The bottle featured read Isastegi Sagardo.  I instantly recognized the type as the script on the label mirrored popular old fashioned Basque fonts I remembered seeing while in Spain.  This wasn’t a wine, but a cider, and a Basque cider at that. I hadn’t tasted Basque cider since I had spent a night in San Sebastian two years ago.  So I walked into the store and purchased a bottle without even taking part in the free sample, and anyone who knows me can tell you that I never turn down free samples.

When I got back to my apartment that night, I immediately put the bottle in the refrigerator.  I watched a movie on Netflix and by the time it was done, the bottle was the preferred temperature for serving.  Normally I don’t condone drinking 750ml bottles alone on a Tuesday night, but my traveler’s spirit got the best of me so I poured myself the first glass of the evening.  From the lime green glass flowed out a flat pale liquid with a distinct dry smell. The cider tasted just as it looked, flat, sour, and even a little bitter.  Typing that out now, it may seem like I’m being very critical, however I am not.  My taste buds happen to enjoy sour sensations.  More importantly, the cider tasted just as I remembered it did from my night by the Bay of Biscay. The drink returned me to the fond memories of my travels, just as I had hoped.

I broke open a bottle just like this one.

I broke open a bottle just like this one.

It was early Spring in 2011 when my girlfriend and I decided to visit my brother who was studying abroad in Barcelona.  I like to travel to Europe during this time.  The flights are usually cheaper and the crowds are nowhere to be found.  You miss some of the romance and fun of summer, but as a fan of cool weather, walking and exploring can be quite enjoyable during that part of the season on the Continent.

It was the second time in Barcelona for the both my girlfriend and I as she had traveled there the year before and I had ventured there with my family a couple years prior.  After our stop Barcelona we planned a whirlwind tour of the Iberian Peninsula that included stops in Zaragoza, San Sebastian, Bilbao, Salamanca, Segovia, Madrid in Spain, and Lisbon in Portugal.

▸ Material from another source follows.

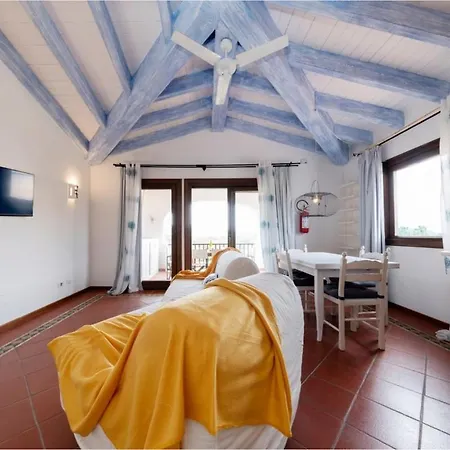Private Beaches And Patio With A View, Cala Del Faro Apartamento Capo Ferro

Map of Spain.  San Sebastian is in the North.

Map of Spain. San Sebastian is in the North.

In order to move between cities, I needed to rent a car.  There are very many things that I do below average and driving stick shift is one of them.  In Europe, standard transmissions are the norm as cars with the automatic shifting I was used were a rarity.  I was able to secure the one available automatic compact rental car in Barcelona, a Ford Focus, and after saying goodbye to my brother, we traveled to the airport to retrieve it.

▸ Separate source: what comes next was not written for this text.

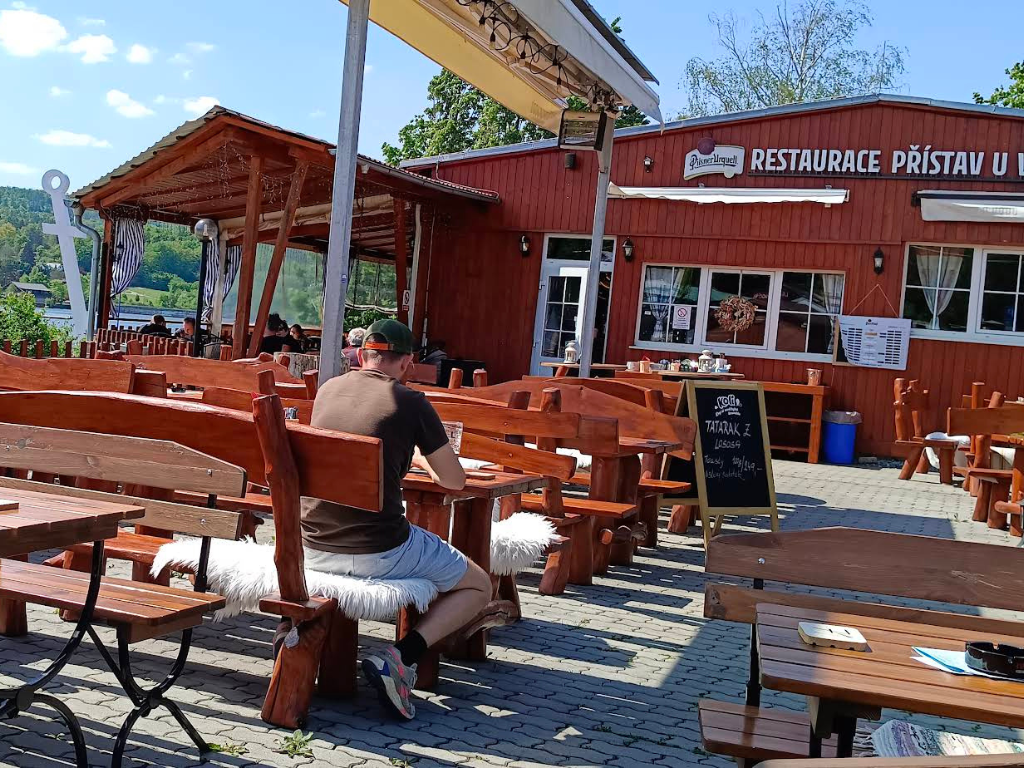 Zahrádka restaurace s posezením u vody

When we got to the airport, the person behind the counter at Avis informed us in Spanish that the car we had requested was unavailable but they had pulled some strings and were able to acquire a full size automatic for the same price.  Of course I accepted. I had no other choice.  I was afraid of driving a larger automobile through tiny winding medieval streets (a fear that was confirmed during a different episode later in the trip when I accidentally drove on the Plaza Mayor one night in Salamanca) but what could I do?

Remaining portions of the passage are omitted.